Ihr Blick durchdringt nicht nur die Grenze ihres Käfigs sondern auch
die unsichtbare Grenze der fotografischen Oberflächenmembran und erreicht
uns in direkter Adressierung im Raum des Rezipienten. Die Käfigtür
ist überdies so ausgrichtet, daß sie gleichsam beiden Raumschichten
angehört, sie kann den Käfig in Richtung des Betrachterraums
öffnen oder die gemeinsame Grenze von Fotografie und Käfig schließen.
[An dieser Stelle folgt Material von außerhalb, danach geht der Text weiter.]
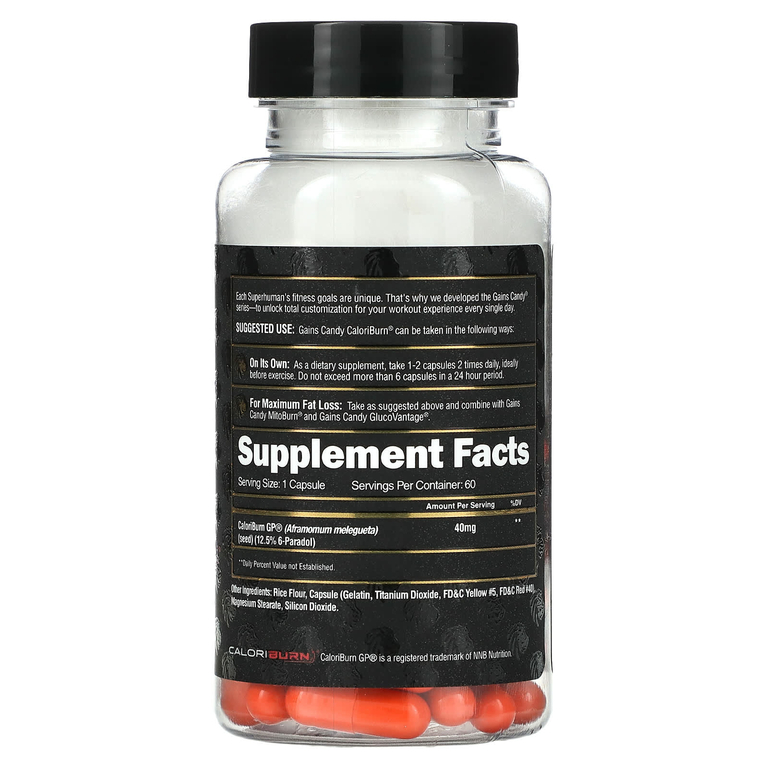 ALPHA LION, Gains Candy, CaloriBurn, 60 капсул (40 мг в 1 капсуле)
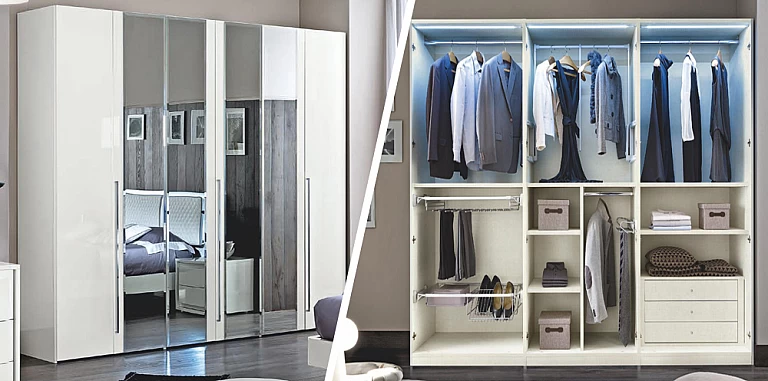 Ντουλάπα ρούχων μοντέρνα λευκή  DAMA (BIANCA )ΝΤΟΥΛΑΠΕΣ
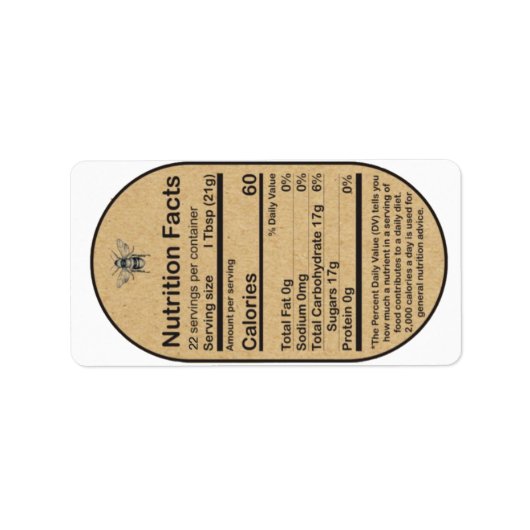 2020 Kraft Oval Honeybee Nitutrition Factsラベル ラベル (正面)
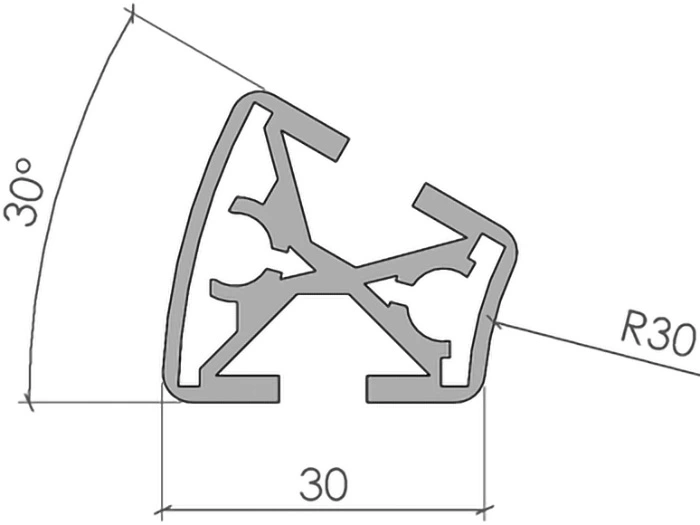 plan Profilé aluminium R30/60 30°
Das Foto thematisiert somit die Ambivalenz des abgeschlossenen und gleichzeitig
optisch durchlässigen fotografischen Illusionsraumes, indem es die
Käfigfront und die fotografische Fläche in eins fallen läßt,
und indem es den „lebendigen“ Blick der Puppe erschafft und zugleich als
Überbrückung und Akzentuierung der Grenze beider Räume bewußt
macht.
Bellons
extreme Ausschnittswahl thematisiert aber auch in zentraler Weise die geschlechtlichen
Metonymien, die etwa Breton an der Masson’schen Puppe so begeisterten und
sie für ihn zur „Perle der Ausstellung“ machten. (47) In zahlreichen
Gemälden, Filmen, literarischen Zeugnissen und Fotografien praktizierten
die Surrealisten die Ersetzung von Geschlechtszeichen durch andere Körperteile
oder durch Zeichen der nicht- anthropomorphen Welt. Mund und Auge sind
die beliebtesten Ersatzorgane für das weibliche Geschlecht, Man Rays
überdimensionales Gemälde der über einer Landschaft schwebenden
monumentalen Lippen „A l’heure de l’observatoire – les amoureux“ von
1932/34, das im Hauptraum der Surrealismus-Ausstellung von 1938 hing, kann
hier gleichsam als Programmbild gelten, und Hans Bellmers seit 1934 kontinuierlich
in Minotaure veröffentlichten
Fotos der „Poupée“ waren mit ihren vielschichtigen Ersetzungsstrategien
der Geschlechtszeichen am Körper der Puppe den Surrealisten auch 1938
äußerst präsent. (48) Bellons Foto ist in diesem Kontext
zu verstehen. Es bringt zentral die Stelle am Mannequin Massons in den
Blick, wo sich die Geschlechtszeichen am dichtesten überlagern. Im
durch die Vergitterung verengten Gesichtsfeld trifft das Auge, das 1928
in Batailles „Histoire de l’oeil“ seine
sexuelle Apotheose erfuhr, (49) auf den geknebelten Mund, der – schon immer
stumm – symbolisch nochmals ausradiert wird, um auf ihm die grüne
Spielwiese der Natur zu errichten, auf der wiederum das Stiefmütterchen
(französisch doppeldeutig: pensé) zum Naturzitat des weiblichen
Geschlechts erblüht. Auge und Blume sind es, die hier zu sprechen
beginnen, sie gewinnen den Status komunikativer Zeichen, die uns direkt
adressieren. Diese Kompetenz gewinnen sie in ihrer metonymischen Bedeutung
als Geschlechtszeichen: Aus dem Körperkäfig blickt uns so in
komprimierter Form der geballte weibliche Sexus surrealistischer Männerphantasien
an. Daß die Fotografie Bellons diese moderne „Büchse der Pandora“
in ihrem unwiderbringlich geöffneten Zustand fixiert hat, unterlegt
die Wirkung des Masson’schen Mannequins auf den Betrachter mit dem leisen
Unbehagen einer nicht rückgängig zu machenden Überwältigungsmacht.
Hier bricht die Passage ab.